Is aviclaw/lighter safe?

https://github.com/openclaw/skills/tree/main/skills/aviclaw/lighter

94
SAFE

The Lighter Protocol skill is a legitimate trading interface for a zero-knowledge rollup DEX. It includes appropriate security warnings, transparent functionality, and follows secure coding practices. The main considerations are the inherent risks of trading functionality and external SDK dependency, both of which are properly documented.

Category Scores

Prompt Injection 95/100 · 30%
Data Exfiltration 95/100 · 25%
Code Execution 90/100 · 20%
Clone Behavior 100/100 · 10%
Canary Integrity 100/100 · 10%
Behavioral Reasoning 85/100 · 5%

Findings (3)

LOW External SDK Dependency -10

The skill imports and uses the 'lighter' SDK from an external repository for order placement functionality. While documented and necessary for the stated purpose, external dependencies pose potential supply chain risks.

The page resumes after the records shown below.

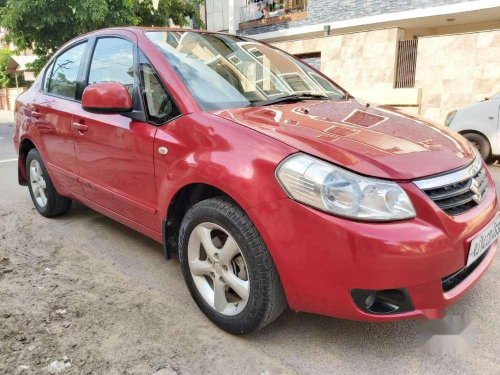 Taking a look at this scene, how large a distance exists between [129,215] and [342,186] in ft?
5.41

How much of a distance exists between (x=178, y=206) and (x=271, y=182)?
2.64 ft

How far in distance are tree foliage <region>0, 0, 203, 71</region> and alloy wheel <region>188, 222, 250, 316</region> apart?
11.0 m

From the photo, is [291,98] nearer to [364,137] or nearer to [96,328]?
[364,137]

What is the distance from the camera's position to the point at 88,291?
281cm

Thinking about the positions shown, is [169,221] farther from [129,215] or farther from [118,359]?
[118,359]

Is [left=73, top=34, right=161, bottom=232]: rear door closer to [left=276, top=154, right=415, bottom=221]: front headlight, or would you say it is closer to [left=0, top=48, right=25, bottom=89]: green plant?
[left=276, top=154, right=415, bottom=221]: front headlight

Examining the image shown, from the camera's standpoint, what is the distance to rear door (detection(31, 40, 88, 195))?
3439mm

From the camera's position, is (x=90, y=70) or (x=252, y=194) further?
(x=90, y=70)

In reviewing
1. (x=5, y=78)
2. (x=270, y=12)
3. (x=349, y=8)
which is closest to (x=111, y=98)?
(x=349, y=8)

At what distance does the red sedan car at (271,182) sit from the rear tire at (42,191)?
0.89m

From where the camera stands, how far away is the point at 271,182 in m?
1.95

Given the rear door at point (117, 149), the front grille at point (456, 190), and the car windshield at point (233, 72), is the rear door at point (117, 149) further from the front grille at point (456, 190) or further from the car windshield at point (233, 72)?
the front grille at point (456, 190)

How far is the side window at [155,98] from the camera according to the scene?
255cm

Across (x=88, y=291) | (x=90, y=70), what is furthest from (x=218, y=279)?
(x=90, y=70) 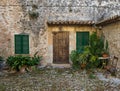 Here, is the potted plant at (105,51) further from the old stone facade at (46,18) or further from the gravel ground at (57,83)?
the gravel ground at (57,83)

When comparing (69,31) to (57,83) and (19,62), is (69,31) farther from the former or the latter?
(57,83)

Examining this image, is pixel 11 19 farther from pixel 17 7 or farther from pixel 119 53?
pixel 119 53

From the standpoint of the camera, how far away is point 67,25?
1331 cm

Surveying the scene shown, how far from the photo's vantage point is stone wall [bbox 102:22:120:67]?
10300 mm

LOW API Credential Usage -5

The skill accesses environment variables containing API keys and account information (LIGHTER_API_KEY, LIGHTER_ACCOUNT_INDEX). This is necessary for authenticated trading operations but represents sensitive data handling.

INFO Financial Trading Functionality -15

This skill provides direct trading capabilities on a DEX which carries inherent financial risk. Users should understand they are granting the agent ability to execute trades with their API credentials.